We also need to address the significant systemic issues that contribute to surgeon burnout. Clearly, our profession must advocate for reforms that are fair, equitable, and do not pit one specialty against another within a narrow slice of the healthcare system. We will champion policies that ensure the highest quality for our patients with resources that allow us to continue providing exemplary care in our communities. Hospitals and systems should continue to prioritize restoring the numbers of ancillary healthcare workers on our teams. The ACS can play a role in these important areas.

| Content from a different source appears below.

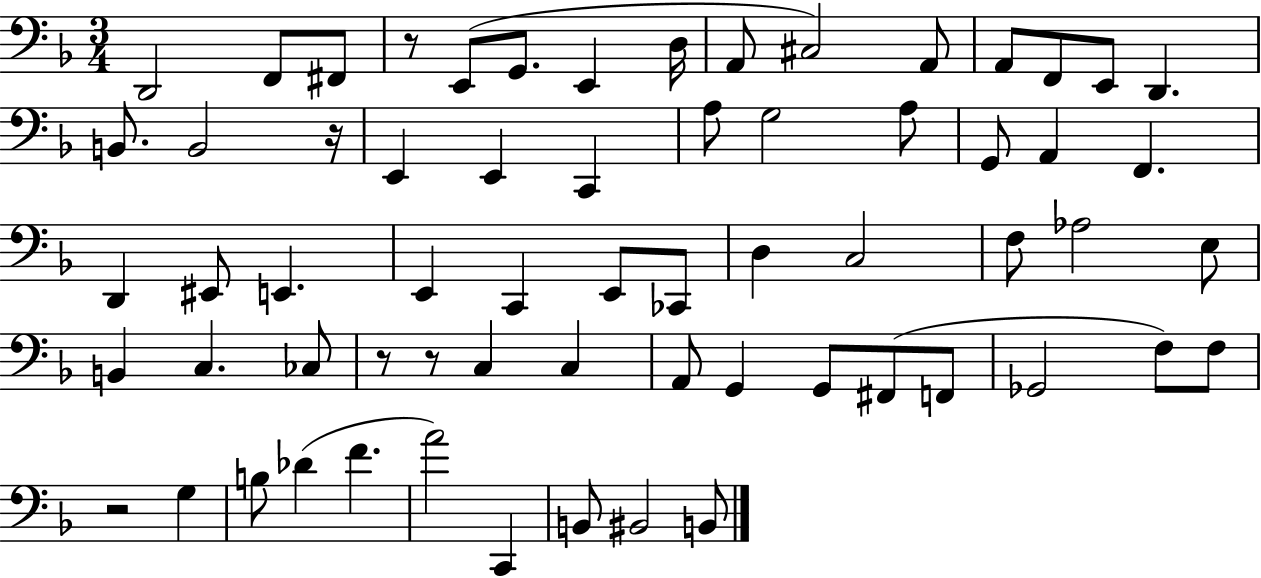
D2/h F2/e F#2/e R/e E2/e G2/e. E2/q D3/s A2/e C#3/h A2/e A2/e F2/e E2/e D2/q. B2/e. B2/h R/s E2/q E2/q C2/q A3/e G3/h A3/e G2/e A2/q F2/q. D2/q EIS2/e E2/q. E2/q C2/q E2/e CES2/e D3/q C3/h F3/e Ab3/h E3/e B2/q C3/q. CES3/e R/e R/e C3/q C3/q A2/e G2/q G2/e F#2/e F2/e Gb2/h F3/e F3/e R/h G3/q B3/e Db4/q F4/q. A4/h C2/q B2/e BIS2/h B2/e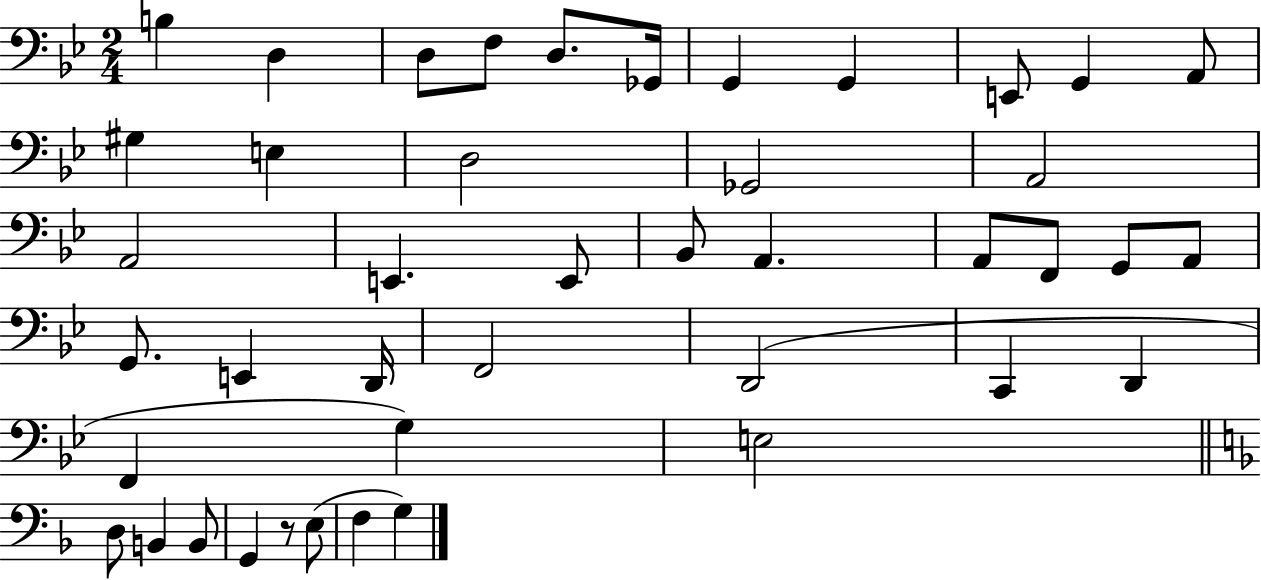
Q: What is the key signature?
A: BES major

It is essential that we remove the stigma surrounding burnout. At every level of training (UME, GME, or CME), curricula should include educating learners about the value of sound mental health habits. Our profession should reflect a priority placed on hospitals, government agencies, and other institutions pursuing policies and protocols that foster surgeon well-being. As leaders in our practices, institutions, departments, or hospitals, we want everyone within the surgical ecosystem to be vigilant about identifying the exhaustion, depersonalization, and lack of efficacy that can be signs and symptoms of burnout. Ask your colleague if he or she is doing okay. Follow up if your partner says something concerning or defeatist. Let’s not lose even one more accomplished colleague from our profession.
To provide excellent care for our patients, we must invest in ourselves. We do it for our own sake—for the lives and careers that we have worked so hard to establish—and we do it for our patients, our families, and our friends. Take care of yourself, and know that the ACS is here to support and uplift you at many of these crossroads.